Approximately one quarter of immigrants in the United States currently inhabit some form of (what sociologist Cecilia Menjivar has termed) “liminality.” While some are undocumented with little prospect of gaining a recognized status, many others reside in a grey zone. They may have recognized Deferred Action for Childhood Arrival (DACA) status. They may have applied for a more permanent status after entering the country on a temporary visa. Many are awaiting adjudication or federal immigration reform and have slipped out of a legally recognized status.
- Unauthorized or undocumented is a term that refers to foreign-born individuals who are neither are citizens nor have a recognized status. Some have entered the United States without inspection at the southern or northern border while others were legally admitted on a temporary basis (e.g. tourist visa) but stayed beyond their required departure date.
- The Deferred Action for Childhood Arrivals (DACA) program provides temporary (2 year renewable) administrative relief to eligible immigrants who came to the United States when they were children. DACA gives its recipients protection from deportation as well as a work permit. Since it was put in place in YEAR, DACA has faced a series of challenges in court. While it has been demonstrated that DACA has been highly beneficial, its recipients face uncertainty over DACA’s and their future status.
- Mixed Status is not a legal designation but rather refers to a particularly precarious status of millions of children currently residing in the United States.
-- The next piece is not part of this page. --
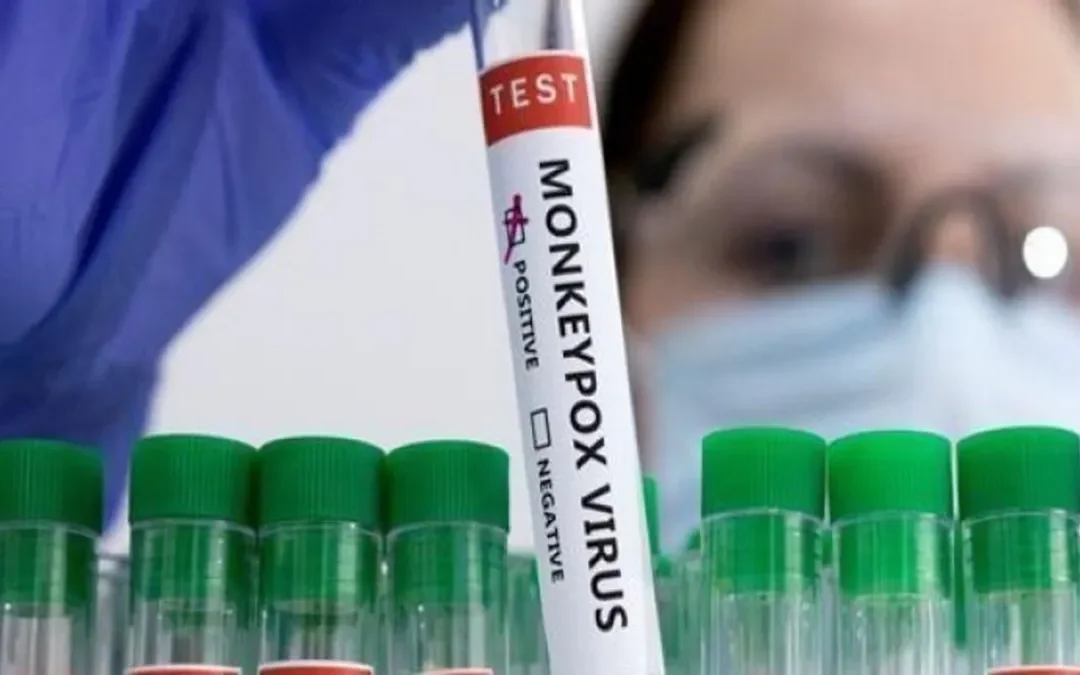 Por la viruela del mono la OMS declaró la emergencia pública y ya hubo casos en la Argentina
These are citizen children who live in families who have one or more parents who are unauthorized. There are an estimated 4.9 million children live with an undocumented parent and almost a million more who reside with extended family members with precarious status.
This means that these children live in a constant state of fear that a caretaker could be deported at any given moment. Further, though the majority are citizen children, they often receive less access to consistent health care to which they are entitled as their parents do not want to either expose the family in the short-term to potential deportation nor do they wish to compromise future efforts to regularize the family.